I’ve been wondering if I’ve been a bit unfair to Sophie and that maybe these shopping trips are a sign that she’s bored. Her work for Cannon’s Pet Supplies isn’t very demanding and she only works part time anyway. Her job at the moment is with security, checking the till roll records looking for fraudulent transactions. She says she’s caught a surprising number of staff out; apparently dishonest staff account for far more losses from the business than those of customers.
When we started the nursery business Sophie said she would like to be involved too but I said I didn’t think it was a good idea as I wanted to keep our relationship separate from the business, especially as at that time she was still offering to finance it. Things have changed since then and if she were still interested I could really do with a hand with the financial side of the nursery so I could concentrate my energies on the practical issues. Hopefully then I wouldn’t be chasing my tail so much. If we were to work together but in separate areas of the business it might be beneficial to our relationship, give us more things in common.
“Sophie, I’m so sorry about last night. I’d had a few problems at work and I wasn’t in the best mood.”
“Well I don’t think that’s much of an excuse to be horrible to me. I’d had a lovely day out and you ruined it for me.”
“Yes I know I did and that’s why I’m apologising.”
“And when I came onto you in bed you gave me the cold shoulder.”
“Sorry I just hadn’t managed to shake off my bad mood. But today’s another day and I’ve shaken my mood and said how sorry I am, so can we try to move on please.”
“OK but don’t criticise me all the time.”

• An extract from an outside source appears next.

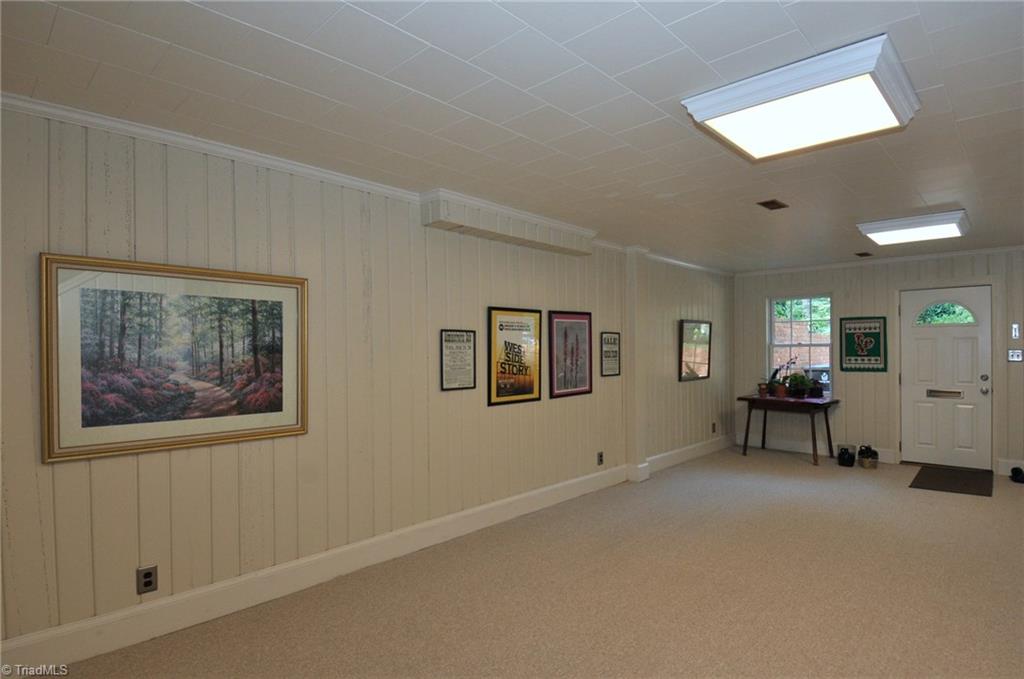 1040 Chester Road Winston-Salem, NC 27104 - Photo 15 of 21 Playroom.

“OK, I won’t I promise. Actually I wanted to talk to you. I’ve had an idea.”
“Oh that sounds ominous.”
“No seriously Sophie I think we need to see if we can’t improve our relationship. I hate the way we’re always bickering.”
“So what do you suggest.”
“Well originally when I bought the nursery I said I’d prefer to keep us and the business separate, if you remember. It was all tied in with the finances and how I didn’t want to be beholden to you.”
“Well that was a few years ago and things have changed and, well, I would like it if you would consider coming to work in the nursery.”
“What you’re offering me a job?”
“Yes, I suppose in one way I am. I thought that if we both worked for the same thing it would give us more common ground and that that would be good for our relationship. And, perhaps more importantly, Cwm Dinas really could use your expertise. I’m hoping that you will see this as an olive leaf and that it might be a challenge, something to get your teeth into now the children are less demanding. I can’t see Canon Pet Supplies doing that.”
“So what role did you have in mind?”
“Well on the financial side obviously but I’ve not any detailed plan. I just wanted to see if you liked the idea first. I thought the job would grow with you. To start with we couldn’t take more cash out of the business but I’m certain with your input this will change. Will you think about it?”
“Well you’ve certainly surprised me. What you have suggested might work. I know we have to do something to get back to respecting each other. So I’ll say yes, I’ll give it a try. Perhaps if I just come in one day a week to start with. That way I could keep my job at Dad’s in case this doesn’t suit us both and I’d have something to fall back on.”
I was pleased Sophie had immediately gone along with my suggestion but I was also apprehensive. Sophie can be quite assertive when she’s in the mood and I don’t want her to start bossing me around in my nursery. Anyway I’ve got to remember that I suggested this as a way of improving our marriage and that is far more important than the business.